In 2019, when Remake Learning Days Across America was coming to Prestonburg, Kentucky, the festival’s organizers began approaching local small businesses. They wondered: Would they consider hosting hands-on learning events in their offices and stores?
The owner of a small sewing shop was hesitant at first. She had never considered that her modest storefront could play a role in her region’s learning ecosystem.
But the festival’s organizers persisted, finally convincing the store owner to host a sewing class. On a Saturday morning that spring, seven children arrived — each accompanied by a parent or grandparent.
What followed surprised all of the adults involved. Children bonded with their parents and grandparents over stories about the cultural tradition of quilting in their communities — something they had known little about. They also discovered that sewing involves not just artistic effort but also mathematical skills. And they learned how crafters and clothing makers can build careers that begin with basic skills they were learning.
By the end of the day, students were clamoring for more classes at the store. This sewing supply shop had become an important center of learning. Today, it hosts classes for children and has become a place of intergenerational connections.

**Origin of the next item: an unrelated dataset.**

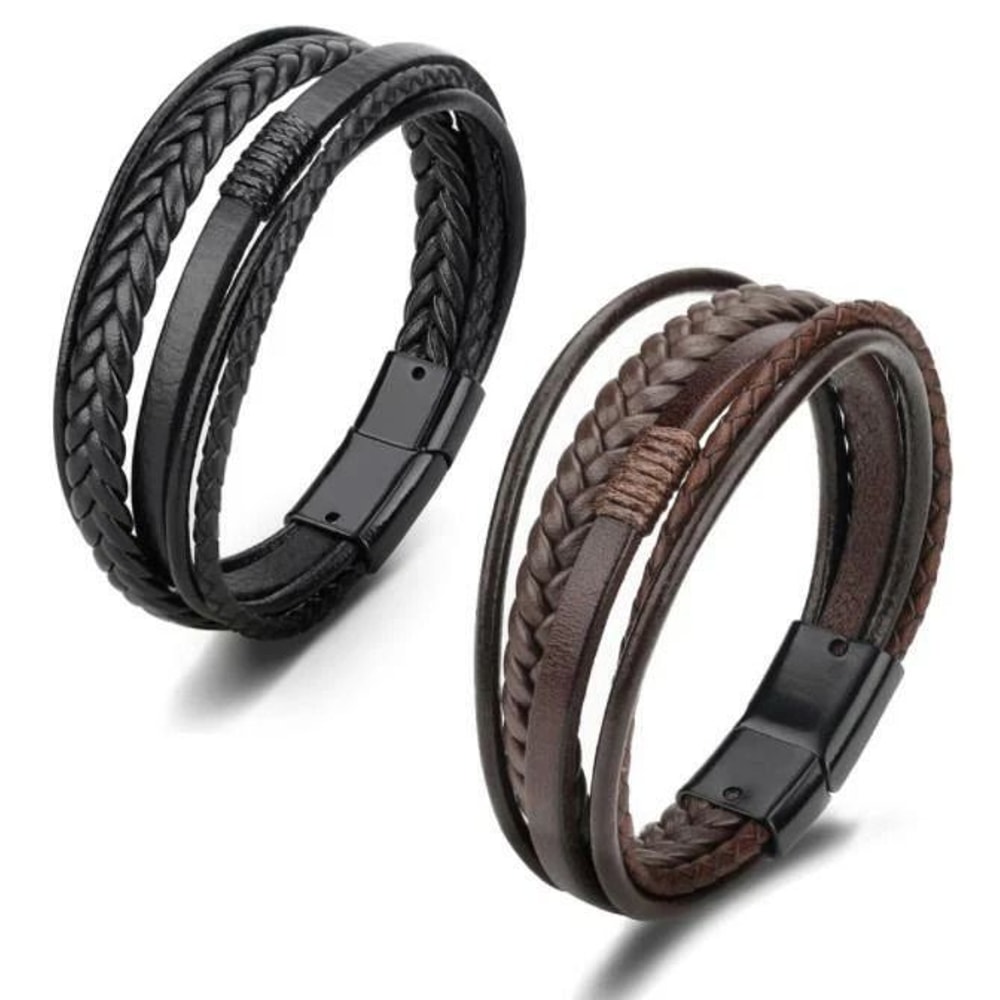 Mens Black Braided Leather Bracelet With Multi Layer Stainless Steel Clasp 3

Prestonburg is a modest place, located in rural Appalachia. The most recent U.S. census data show a shrinking population of just over 3,000 people, with a quarter of families living below the poverty line. As in other places, however, there is already a learning ecosystem just waiting to be further activated.
Learning ecosystems do not require that great wealth and abundance already be present. Instead, they can be drivers and activators of equity and prosperity by building on the wisdom, knowledge, and experiences available in each community.

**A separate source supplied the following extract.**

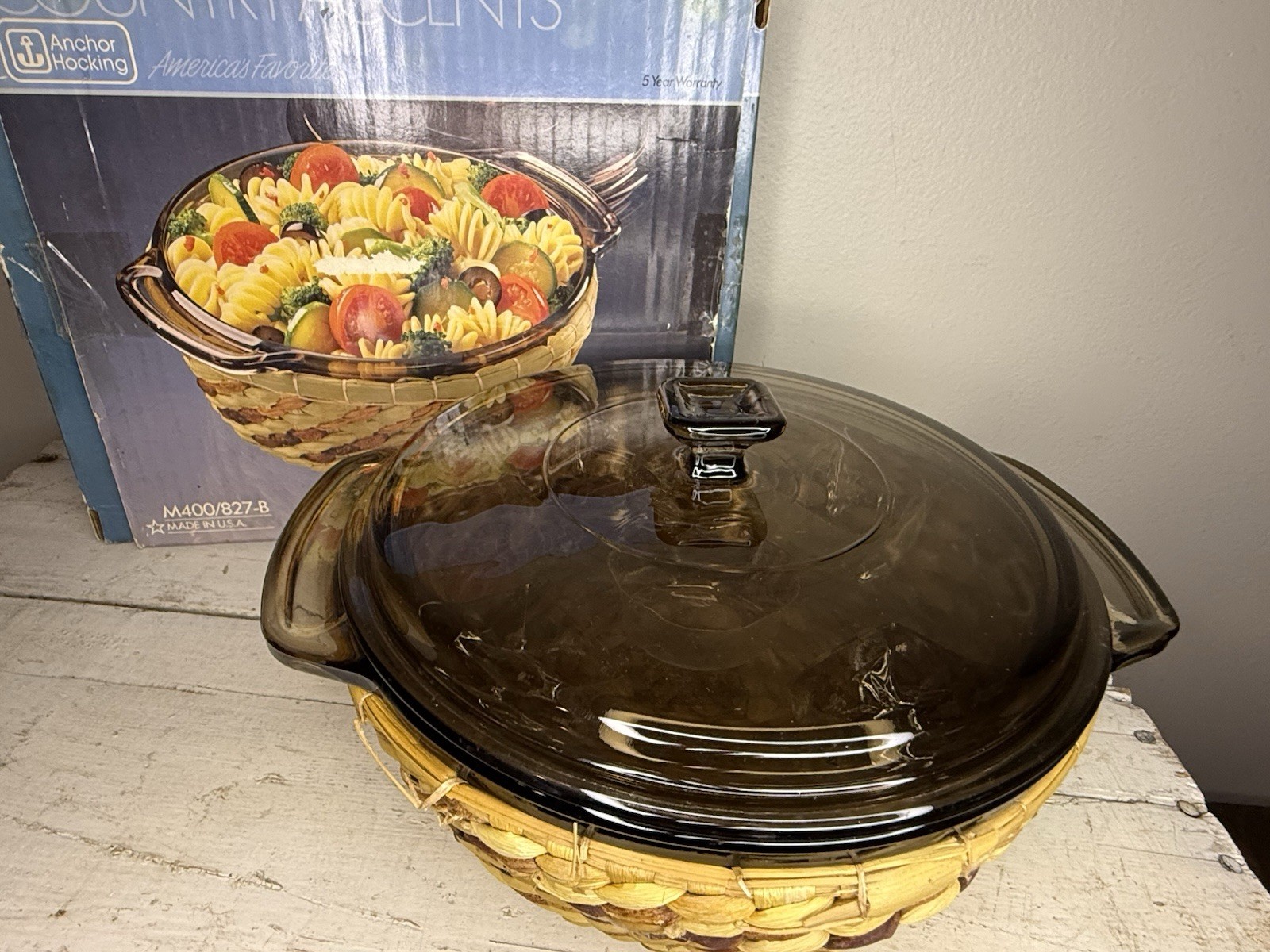 Vtg Anchor Hocking Basket Buffet Harvest Amber 1.5qt Casserole New in Box M400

In Pittsburgh, where the Remake Learning Days festival was created, we see this over and over again. Just one example from among this year’s Moonshot Grant recipients: Bible Center Church, located in the community of Homewood, is launching a “Learning Village.” This project, which leverages a wide range of knowledge from within the community, is using project-based learning, apprenticeship, and mentoring to introduce Black learners from low-income families to farming, Black culinary heritage, and the restaurant industry. Young people will learn about the U.N. Sustainable Development Goals from local environmental leaders, while also learning from local chefs about how to prepare the food that they have grown.

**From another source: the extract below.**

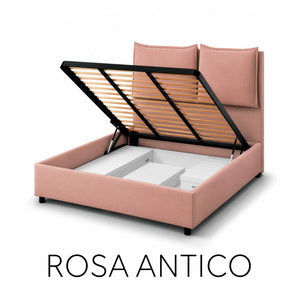 Letto contenitore matrimoniale in tessuto Licia XL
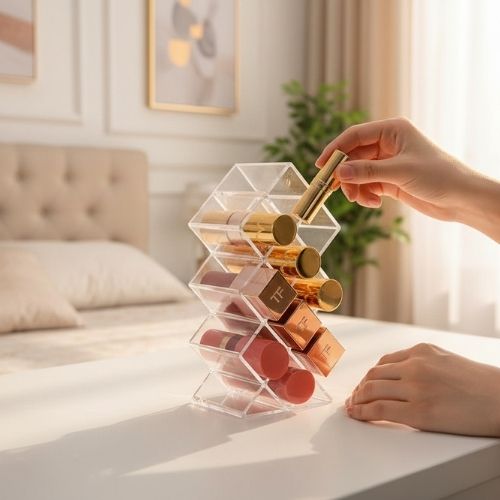 femme range rouge levre organiser maquillage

Back in 2014, Michele Cahill (then with the Carnegie Corporation of New York) wrote this about learning ecosystems: “An ecosystem draws in energy and contributions from a broad base of leadership, including educators, advocates, policymakers, philanthropy, government and civic voices… At the heart of an ecosystem for learning is an ability to draw upon the assets of an entire city or community to support students as they grapple with the two primary tasks of adolescence: building competencies and forming their identities.”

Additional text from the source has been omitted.